LAK13: Tuesday morning

Liveblog notes from Tuesday morning 9 April at LAK13.

John Stamper – Tutorial: Learning Curve Analysis using DataShop

Programme. DataShop.

John’s the technical director of DataShop, with a team of people working on it.

The Village Shop (Explored)
(cc) Alison Christine on Flickr

DataShop is two things: a repository, and a set of tools to analyse the data in that repository.

Repository was conceived as a store for PSLC research activity, but now has many more. Three types of research – primary analysis of study data, exploratory analysis of course data, secondary analysis of any data set. Many public datasets; some are not but you can request access – DataShop acts as a broker for contact/permissions.
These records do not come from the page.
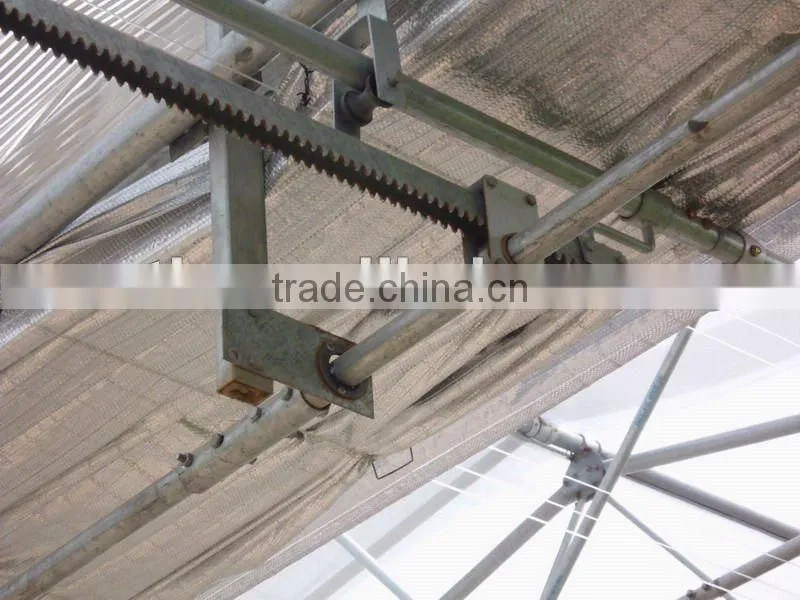 Shading pinion for greenhouse shading system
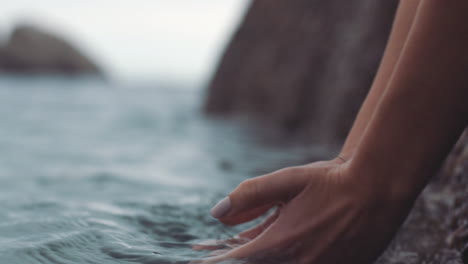 Woman-hands-in-the-water-from-the-ocean-waves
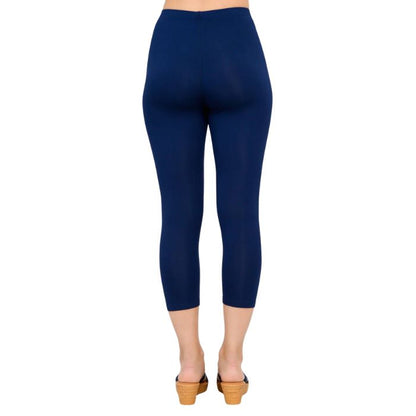 female model wearing indigo blue ruby capri leggings back view on white background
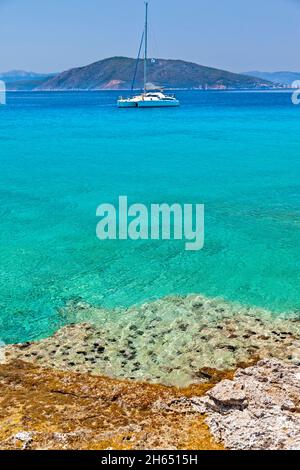 Exotic beach of crystal clear turquoise waters at Moni islet, close to Aegina island, in Attica region, Greece, Europe. Stock Photo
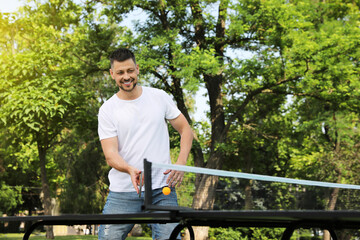 Sticker - Happy man playing ping pong outdoors on summer day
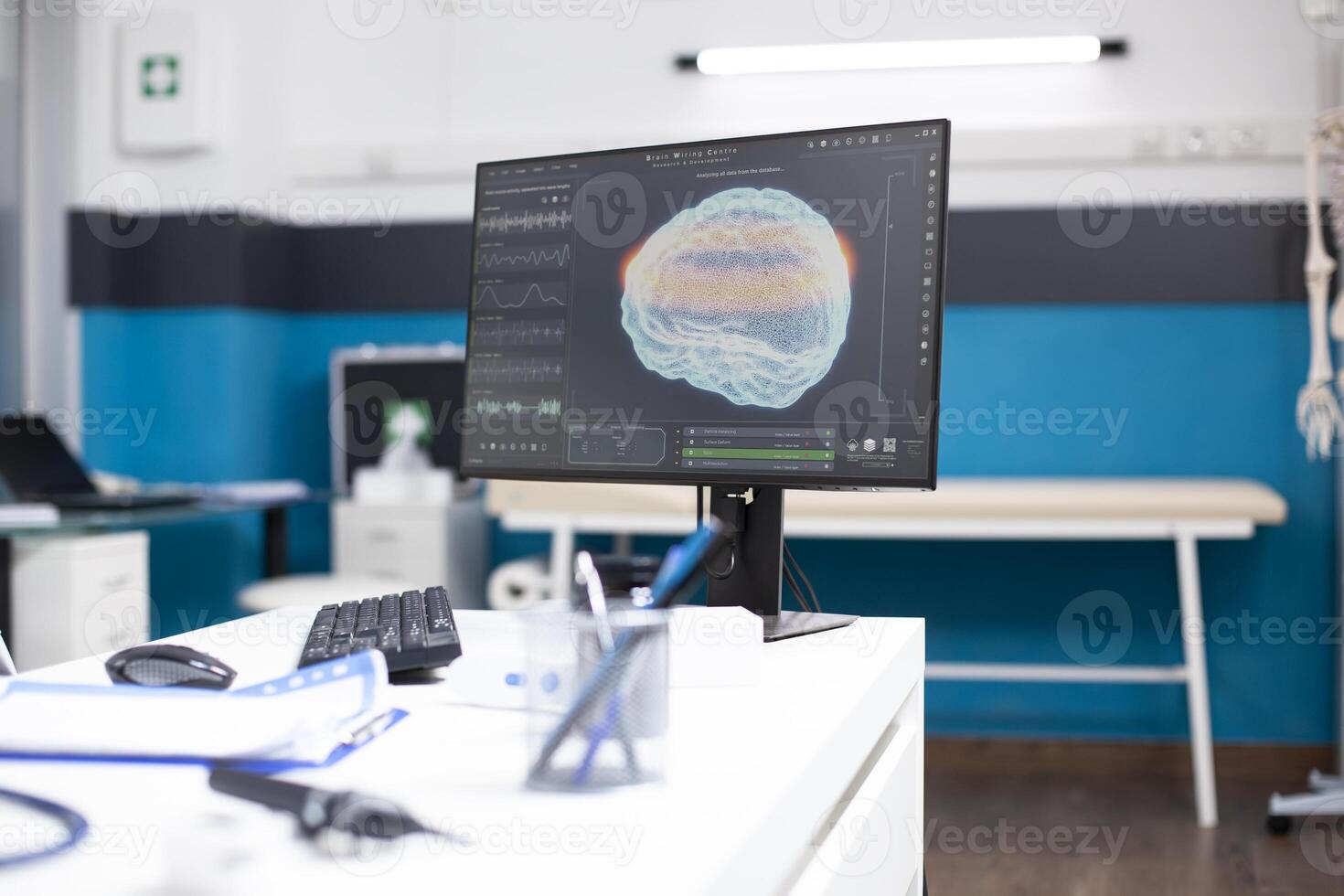 Medical office with no staff has computer monitor displaying brain damage analysis deal, for health diagnostics. Hospital room is organized with files and modern doctor tools. photo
Analysis and reporting tools focus on student-tutor data – log data. Learning curve reports, error reports, aggregate tools (performance profiler). Export through web services to tab delimited and XML formats. Also open to suggestions for new things.

They have 410 datasets, 104m transactions, 250,000 hours of student data. Biggest open repository of transaction-level data. Some people may have more data, but they’re not making it available. Focused on intelligent tutors and similar, but open to other stuff.

Sales pitch: it’s free tools, free researchers (especially if you make your data public), great place to collaborate (with private datasets – you have control over access), can validate ideas across multiple data sets.

Hands On

Need an account but easy to set up. Agreement includes promising not to try to de-anonymise the data!

Q Is it just ITS data? Or if it’s not a tutoring system – a CMS, say – does it still make sense?

Yes, it does make sense, and it’s not just tutor data now. We have a lot of tutor data, and the data model was conceived from tutor log files. But it’s pretty much transaction data, so if you have that, it’ll fit in. We have a lot of OLI data, it’s more tutor-lite than most LMSes are. But it’s still transaction logs. We’re getting online game data – those are so varied.

Q Are these PSLC games?

Some, but mostly others.

Public datasets (left-hand-side menu)  – many to browse. For Private datasets, you can see the project name and its individual datasets, and the PI. There’s a ‘request access’ button. For the most part, you’ll only want to ask for view access; you only need edit access if you’re involved in the project. Generates an email to the PI, who can grant the request or contact you by email. DataShop gets a report on the emails on how long the requests are sitting there, and prod people if it’s been a few weeks so they at least reject the requests. Steve Ritter has a lot of projects up, mostly math, really large, not for an experiment but for exploration.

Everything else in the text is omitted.